Roberto Martínez is in a similar position, of course. Like France, Belgium have a squad rich with ability across a wide range of different positions. And like France under Deschamps, Belgium under Martínez have frequently played within themselves, flattering to deceive, struggling to carve out a cohesive identity under the weight of so many superstar egos.

It was a problem that still threatened to cripple this talented team as recently as last month, when Belgium were held to a deathly dull goalless draw in a World Cup warm-up against a poor Portugal side shorn of Cristiano Ronaldo. Belgium were muddled, sluggish going forward and a mess at the back, and they were jeered off at full-time. “It wasn’t bad, but we could do better,” was Kevin De Bruyne’s rather gracious post-match assessment.

But against Brazil last week, everything changed. To the sound of some 11.35 million eyebrows raising in unison back home in Belgium, Martínez dropped Yannick Carrasco and Dries Mertens for the decidedly less glamorous Nacer Chadli and Marouane Fellaini, as well as moving Romelu Lukaku and Kevin de Bruyne out of their favoured positions. And it worked. Martínez may not have had his best eleven players on the pitch – but Belgium looked all the better for it.

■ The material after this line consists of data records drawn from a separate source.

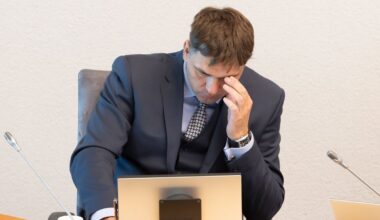 Seimo nariai nusprendė ignoruoti Adomavičių, per priesaiką atsuko nugarą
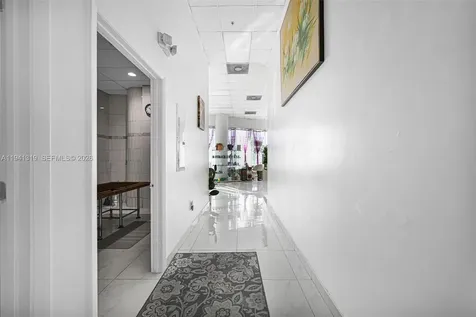 2301 Wilton Drive Wilton Manors FL 33305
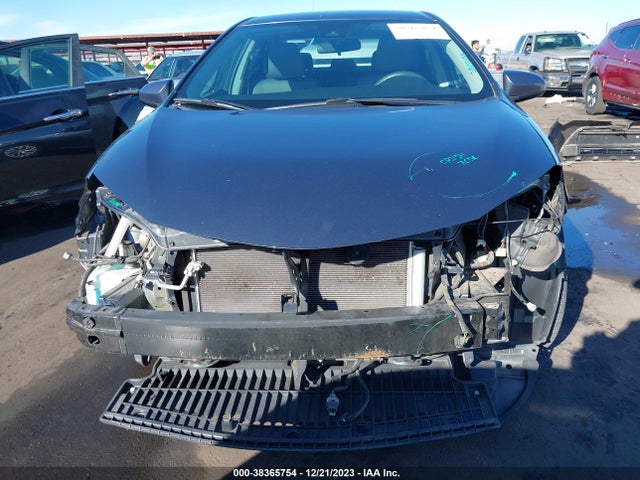 2018 TOYOTA COROLLA LE VIN: 2T1BURHE3JC117192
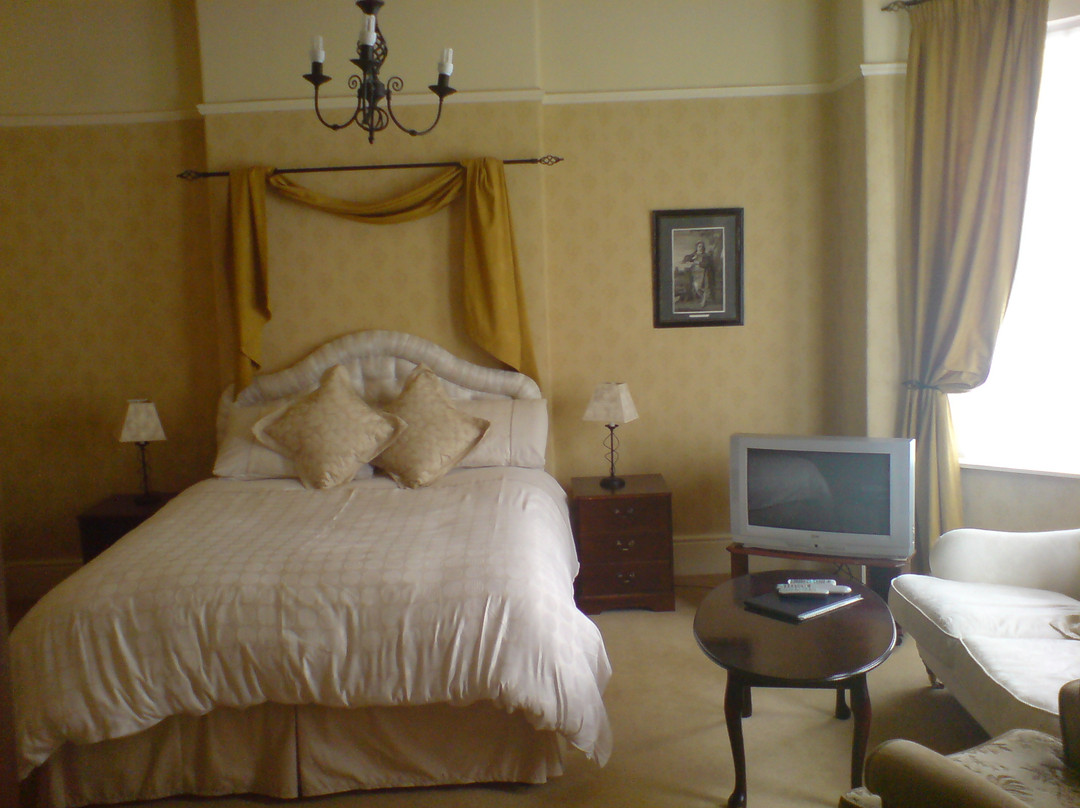 Mickle Trafford酒店住宿-Cheltenham Lodge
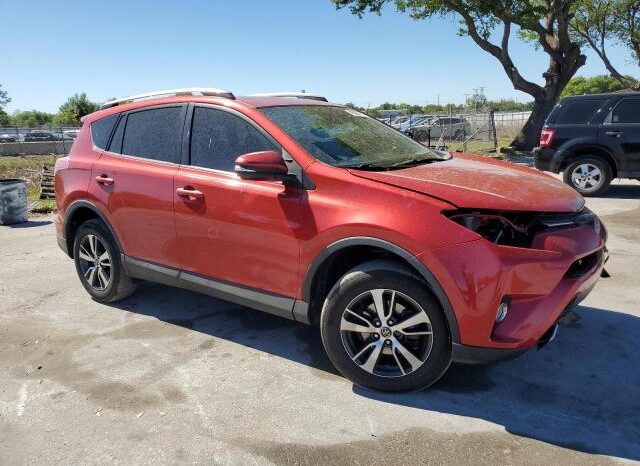
								2017 Toyota Rav4 full									
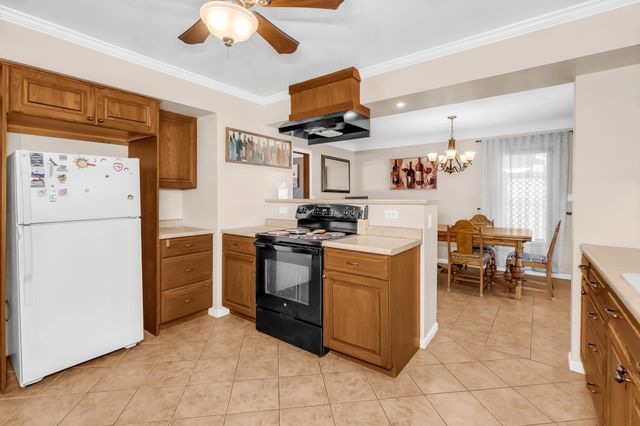 1894 Maryknoll Avenue N, Maplewood, MN 55109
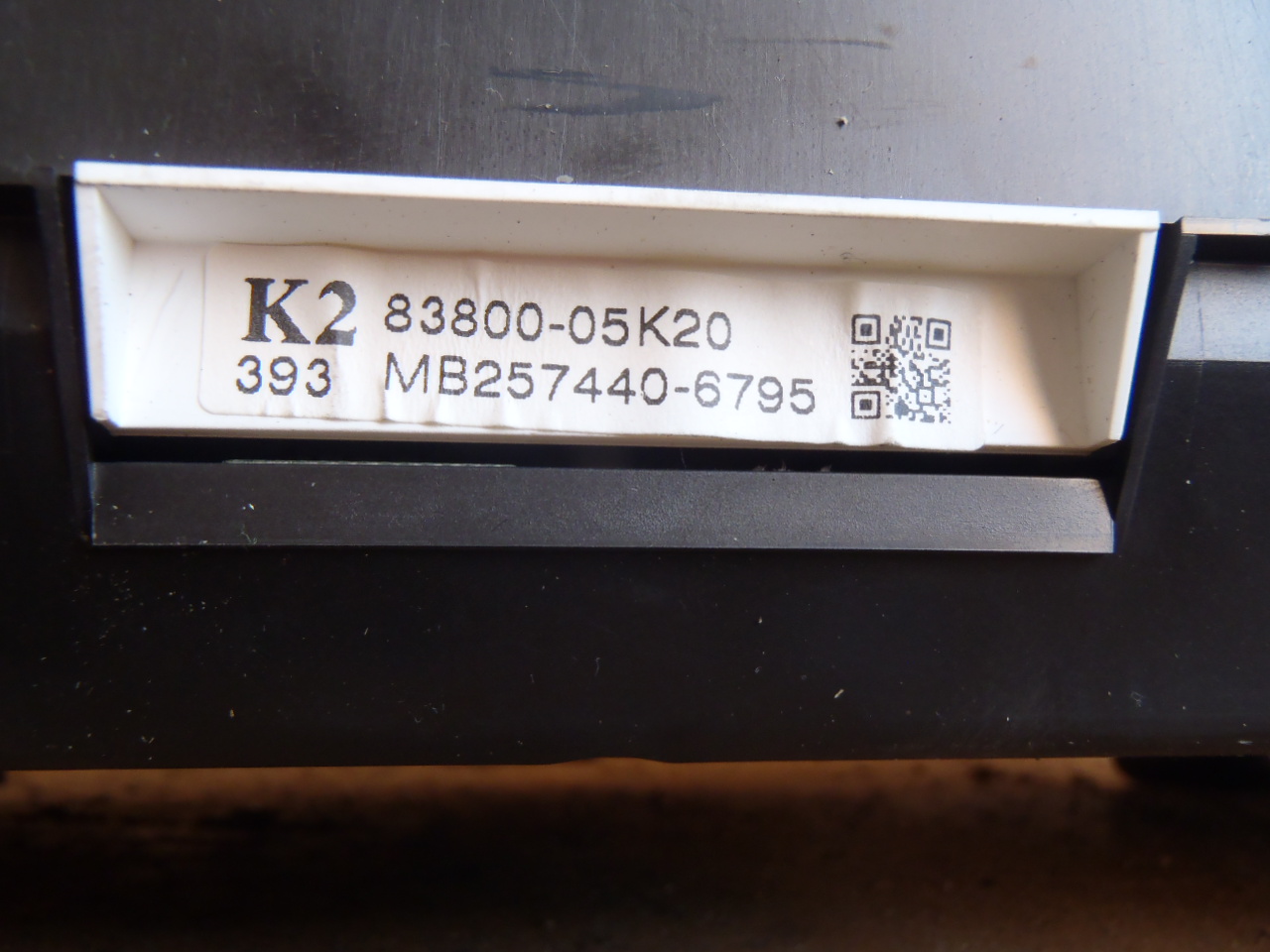 Budíky 83800-05K20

It was the boldest tactical decision we have yet seen at this World Cup, and one which set up this semi-final perfectly. At such an advanced stage in the tournament Martínez had demonstrated he was finally willing to compromise on his famously unyielding vision of how best to win a football match – ready to cede possession with the introduction of a Fellaini-Axel Witsel midfield pivot, and ready to prioritise defence over attack. It was a pragmatic move that Deschamps himself would have been proud of.

This then was a meeting between the two most talented teams left in the tournament, with arguably the two most divisive managers, very much still in the process of how to best extract the best from their squads. And it was a meeting decisively won by Deschamps.

That eye-catching win over Argentina aside, this was yet another victory where France arrived and got the job done. There were a few flashes of the fireworks they can produce – Kylian Mbappé’s outrageous backheeled through-ball to Oliver Giroud a case in point – but for the most part this was France at their most functional. Even their goal was exceptionally measured: a third set-piece goal to take them level with tournament leaders England.

France are through to the World Cup final (Getty)

The fact that they can keep winning in this fashion, with so much attacking talent left on the bench – Thomas Lemar, Ousmane Dembélé, Nabil Fekir, Florian Thauvin – perhaps best illustrates how they are the best team in the world. They are winners with so much in reserve, and Deschamps deserves credit for knowing how best to ease off the handbrake while securing the results required to progress.

It is a lesson Martínez would do well to learn. Against Brazil he delivered an entirely unexpected tactical masterplan but here the changes he made to his starting XI failed to deliver. Mousa Dembélé struggled against Paul Pogba in midfield. Romelu Lukaku was blunt back in a central position. And moved back into midfield, De Bruyne was restricted to a role on the margins as he was earlier into the tournament.

Didier Deschamps won this particular tactical battle (Getty)

Neither man sprang any genuine tactical shocks. Instead, Deschamps was the manager who better facilitated the talent he had at his disposal. Once again Deschamps has succeeded in strangling the life from a game with his team playing effectively, if not excitingly. And so much more than Martínez, Deschamps appeared the man with a better understanding of how best to deploy his finest talents. Unlike Lukaku, Mbappé was not lost amidst the cut and thrust of this slow-burn semi-final.

Again Deschamps proved that he is a water-carrier manager, albeit one who now appears destined for the World Cup triumph he enjoyed as a player. Cantona’s insult has never rung truer.